■ Exercise objective
Copy, word for word, the lines below from the one containing "Then you want" up to and including the one containing "Hi, my name", with pictures left out.

■ Input
################

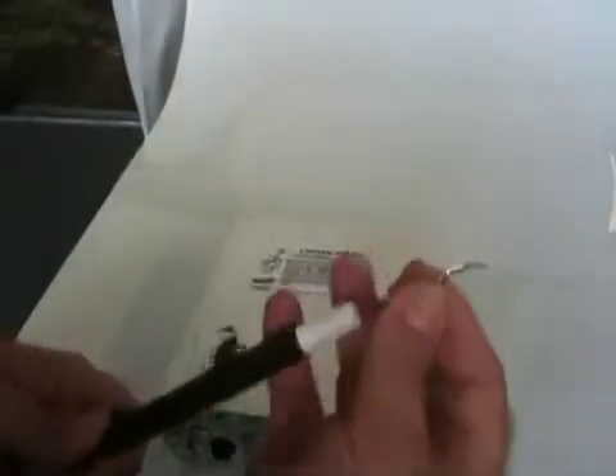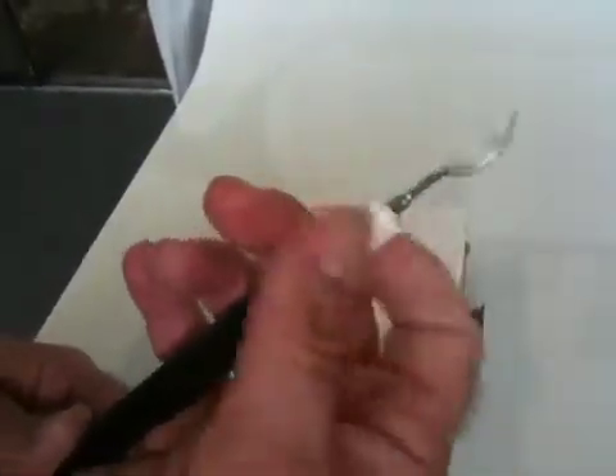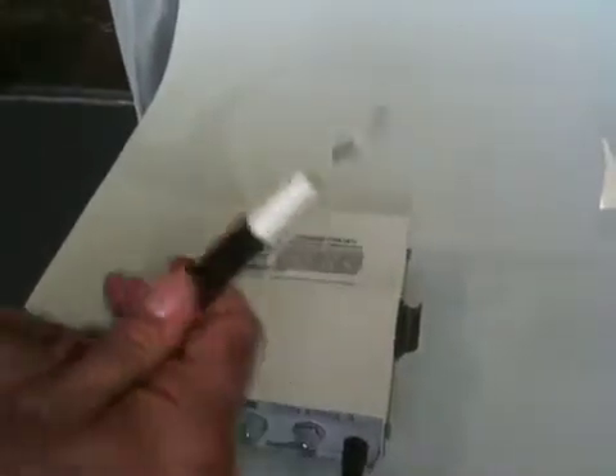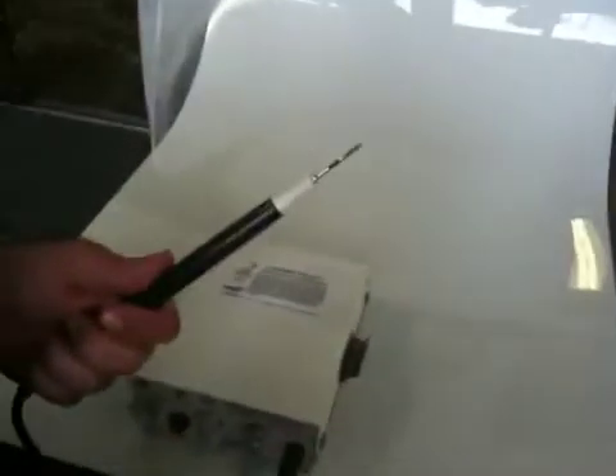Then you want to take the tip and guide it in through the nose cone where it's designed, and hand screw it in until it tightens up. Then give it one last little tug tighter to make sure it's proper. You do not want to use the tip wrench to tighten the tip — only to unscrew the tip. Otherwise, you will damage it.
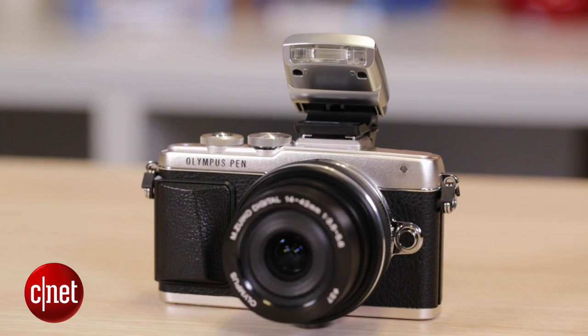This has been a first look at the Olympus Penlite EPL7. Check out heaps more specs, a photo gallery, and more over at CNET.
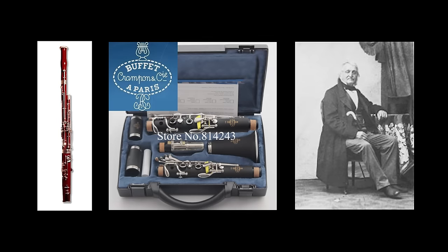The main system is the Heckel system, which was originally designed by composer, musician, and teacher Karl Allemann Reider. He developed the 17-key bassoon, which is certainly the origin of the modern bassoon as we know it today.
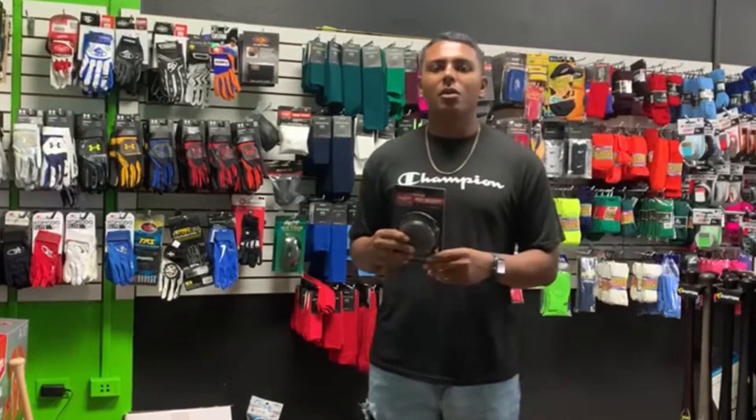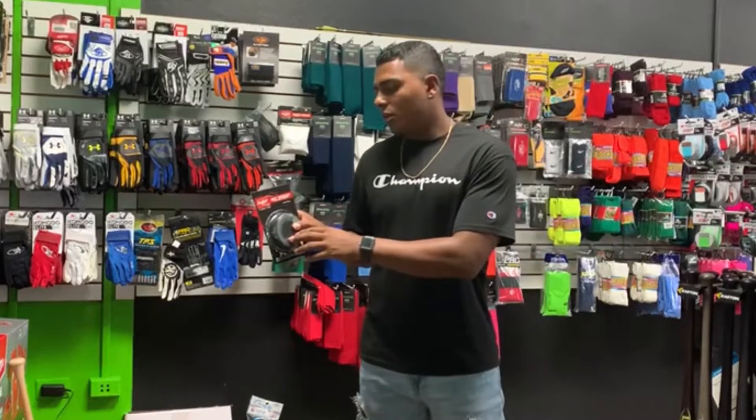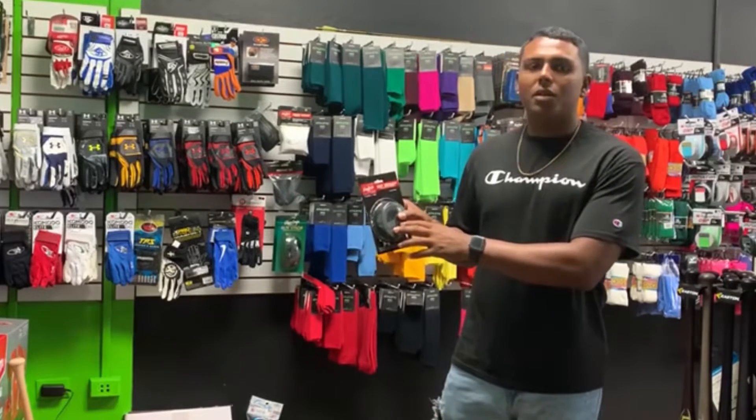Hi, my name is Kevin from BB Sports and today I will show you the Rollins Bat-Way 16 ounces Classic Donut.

################

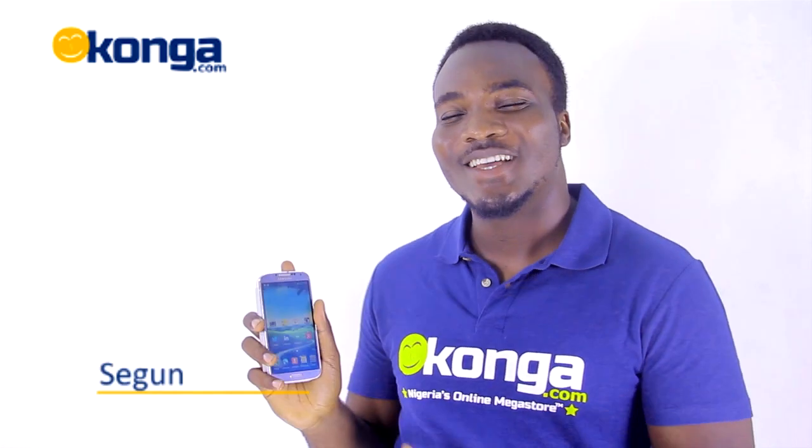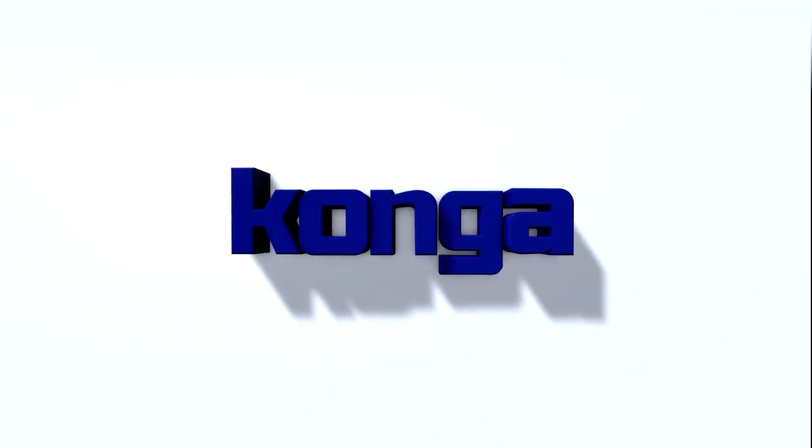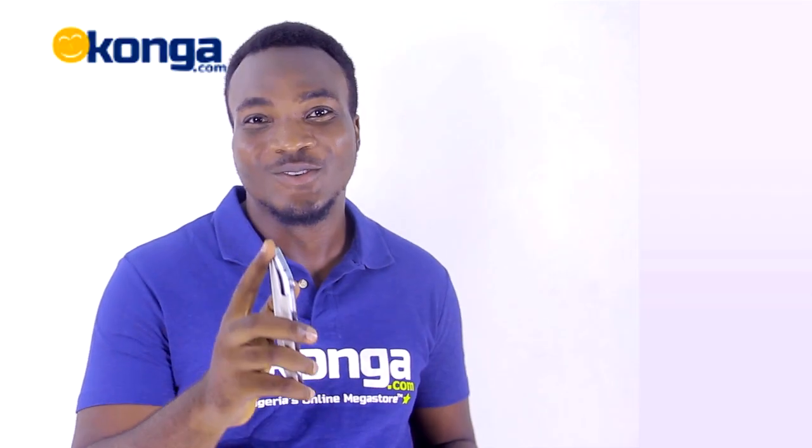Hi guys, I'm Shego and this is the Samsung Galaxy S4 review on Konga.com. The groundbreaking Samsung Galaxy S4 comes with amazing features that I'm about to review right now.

################

■ Answer to this task
Then you want to take the tip and guide it in through the nose cone where it's designed, and hand screw it in until it tightens up. Then give it one last little tug tighter to make sure it's proper. You do not want to use the tip wrench to tighten the tip — only to unscrew the tip. Otherwise, you will damage it.
This has been a first look at the Olympus Penlite EPL7. Check out heaps more specs, a photo gallery, and more over at CNET.
The main system is the Heckel system, which was originally designed by composer, musician, and teacher Karl Allemann Reider. He developed the 17-key bassoon, which is certainly the origin of the modern bassoon as we know it today.
Hi, my name is Kevin from BB Sports and today I will show you the Rollins Bat-Way 16 ounces Classic Donut.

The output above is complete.